Kevin Warsh is set to take over the reins of the Fed today. Trump nominated him in hopes for lower rates, but the handicapping is that the next move is a hike, not a cut.

Housing starts fell 2.8% MOM to a seasonally adjusted annual rate of 1.47 million units. This was up 4.6% compared to a year ago. Building permits rose 4.8% MOM to 1.44 million. Despite higher rates, housing starts and building permits seem to be holding up.

We saw a big jump in multifamily starts, while single-family starts fell. We know builders are sitting on a lot of SFR inventory, so the drop in 1 units does make sense. Multi-fam starts had been declining for a while so this might just be a blip.

Business activity held up in May according the Flash S&P PMI. Manufacturing growth was at least partially attributable to stock-building due to the situation in Iran. Input costs rose at the fastest rate since 2022.

“The damaging economic impact from the war in the Middle East is becoming increasingly evident in the business surveys.

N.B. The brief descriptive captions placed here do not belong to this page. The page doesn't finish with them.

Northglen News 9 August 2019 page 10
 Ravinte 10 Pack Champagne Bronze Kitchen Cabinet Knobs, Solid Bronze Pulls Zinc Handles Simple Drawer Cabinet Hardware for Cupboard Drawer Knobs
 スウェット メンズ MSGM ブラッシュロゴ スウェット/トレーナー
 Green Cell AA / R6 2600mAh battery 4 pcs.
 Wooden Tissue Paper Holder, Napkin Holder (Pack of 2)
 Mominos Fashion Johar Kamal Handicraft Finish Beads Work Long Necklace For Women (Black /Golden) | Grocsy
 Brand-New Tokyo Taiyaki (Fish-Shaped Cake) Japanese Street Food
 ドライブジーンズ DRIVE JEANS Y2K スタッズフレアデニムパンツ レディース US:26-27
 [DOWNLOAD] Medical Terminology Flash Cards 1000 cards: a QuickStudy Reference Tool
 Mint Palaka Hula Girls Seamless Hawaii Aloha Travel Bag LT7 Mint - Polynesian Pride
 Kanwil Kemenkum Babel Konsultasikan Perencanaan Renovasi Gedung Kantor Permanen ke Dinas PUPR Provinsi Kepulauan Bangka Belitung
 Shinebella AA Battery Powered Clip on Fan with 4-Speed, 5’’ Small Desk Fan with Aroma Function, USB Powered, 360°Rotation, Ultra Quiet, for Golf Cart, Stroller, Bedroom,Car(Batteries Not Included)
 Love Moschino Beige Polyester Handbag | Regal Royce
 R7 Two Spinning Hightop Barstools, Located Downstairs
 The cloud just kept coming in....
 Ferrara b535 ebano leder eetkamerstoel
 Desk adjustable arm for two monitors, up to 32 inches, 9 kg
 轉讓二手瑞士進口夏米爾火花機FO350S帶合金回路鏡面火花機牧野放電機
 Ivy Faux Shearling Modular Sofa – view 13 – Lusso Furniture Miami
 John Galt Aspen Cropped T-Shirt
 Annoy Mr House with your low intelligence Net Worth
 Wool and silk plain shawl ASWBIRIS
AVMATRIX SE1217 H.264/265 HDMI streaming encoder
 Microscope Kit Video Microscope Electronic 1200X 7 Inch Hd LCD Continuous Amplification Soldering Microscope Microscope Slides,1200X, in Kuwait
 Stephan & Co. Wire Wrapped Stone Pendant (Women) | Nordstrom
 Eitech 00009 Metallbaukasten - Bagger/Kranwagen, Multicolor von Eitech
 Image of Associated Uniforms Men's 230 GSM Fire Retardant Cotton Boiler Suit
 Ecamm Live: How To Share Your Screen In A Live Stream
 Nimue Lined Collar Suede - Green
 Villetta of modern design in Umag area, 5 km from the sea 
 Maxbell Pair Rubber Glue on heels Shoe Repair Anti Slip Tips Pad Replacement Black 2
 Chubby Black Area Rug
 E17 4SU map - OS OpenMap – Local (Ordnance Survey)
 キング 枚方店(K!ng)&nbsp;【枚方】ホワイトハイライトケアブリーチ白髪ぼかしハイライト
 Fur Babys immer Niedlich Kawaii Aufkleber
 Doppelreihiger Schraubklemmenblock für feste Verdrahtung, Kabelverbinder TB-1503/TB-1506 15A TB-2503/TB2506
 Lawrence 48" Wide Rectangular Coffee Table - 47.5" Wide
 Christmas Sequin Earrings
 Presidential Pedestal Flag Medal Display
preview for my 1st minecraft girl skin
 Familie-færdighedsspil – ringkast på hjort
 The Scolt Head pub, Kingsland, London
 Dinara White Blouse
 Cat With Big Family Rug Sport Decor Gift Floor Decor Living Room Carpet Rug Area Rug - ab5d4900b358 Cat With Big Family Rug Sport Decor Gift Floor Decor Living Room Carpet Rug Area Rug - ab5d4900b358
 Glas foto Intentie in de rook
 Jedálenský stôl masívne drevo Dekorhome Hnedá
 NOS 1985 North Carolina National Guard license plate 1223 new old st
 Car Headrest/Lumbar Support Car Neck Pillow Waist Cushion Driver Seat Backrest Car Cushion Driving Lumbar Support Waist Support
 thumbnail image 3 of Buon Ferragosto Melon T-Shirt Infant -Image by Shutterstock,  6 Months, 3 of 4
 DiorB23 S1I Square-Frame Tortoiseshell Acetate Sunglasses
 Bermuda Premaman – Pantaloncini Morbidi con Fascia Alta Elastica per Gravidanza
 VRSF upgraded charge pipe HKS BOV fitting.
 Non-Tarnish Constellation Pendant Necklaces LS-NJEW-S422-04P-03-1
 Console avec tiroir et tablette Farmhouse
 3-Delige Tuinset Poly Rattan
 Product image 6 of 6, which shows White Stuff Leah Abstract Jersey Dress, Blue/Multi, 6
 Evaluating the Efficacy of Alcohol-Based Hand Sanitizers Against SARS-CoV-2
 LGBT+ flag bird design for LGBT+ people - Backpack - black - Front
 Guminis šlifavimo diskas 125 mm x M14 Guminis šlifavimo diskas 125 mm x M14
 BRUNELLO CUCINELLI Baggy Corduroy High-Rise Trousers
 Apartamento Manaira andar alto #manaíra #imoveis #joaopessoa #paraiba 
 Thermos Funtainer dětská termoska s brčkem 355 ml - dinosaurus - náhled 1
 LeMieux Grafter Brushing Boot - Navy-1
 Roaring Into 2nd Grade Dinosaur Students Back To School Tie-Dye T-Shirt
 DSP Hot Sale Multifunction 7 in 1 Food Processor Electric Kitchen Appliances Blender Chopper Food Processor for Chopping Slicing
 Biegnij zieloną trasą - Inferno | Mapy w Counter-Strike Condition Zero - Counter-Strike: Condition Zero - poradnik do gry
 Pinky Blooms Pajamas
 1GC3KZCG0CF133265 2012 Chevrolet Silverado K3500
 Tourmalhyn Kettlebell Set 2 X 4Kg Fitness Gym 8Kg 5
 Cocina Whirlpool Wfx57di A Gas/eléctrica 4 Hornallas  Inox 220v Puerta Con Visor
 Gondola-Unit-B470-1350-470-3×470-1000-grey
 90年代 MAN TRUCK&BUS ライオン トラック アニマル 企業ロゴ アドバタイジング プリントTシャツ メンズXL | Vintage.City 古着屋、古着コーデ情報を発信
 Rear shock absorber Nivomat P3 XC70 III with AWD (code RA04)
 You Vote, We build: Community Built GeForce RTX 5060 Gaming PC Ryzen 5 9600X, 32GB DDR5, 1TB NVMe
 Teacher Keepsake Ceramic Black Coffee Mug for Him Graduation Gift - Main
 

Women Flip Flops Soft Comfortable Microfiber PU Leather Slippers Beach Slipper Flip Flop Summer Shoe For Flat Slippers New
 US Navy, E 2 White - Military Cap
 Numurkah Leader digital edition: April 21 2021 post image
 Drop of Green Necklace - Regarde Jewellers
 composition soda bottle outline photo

The ‘flash’ PMI data for May recorded only modest growth of business activity as demand was again squeezed by a further spike in prices and jobs were cut as firms worried over rising costs and the economic outlook.

“Coming on the heels of a subdued April reading, the May PMI indicates that the economy will struggle to manage annualized GDP growth of much more than 1% in the second quarter. However, even this subdued pace of growth may not last. On average, over the past three months order book growth has slowed to its weakest for two years, and a boost from precautionary stock building due to concerns over further price hikes and supply delays will not last forever.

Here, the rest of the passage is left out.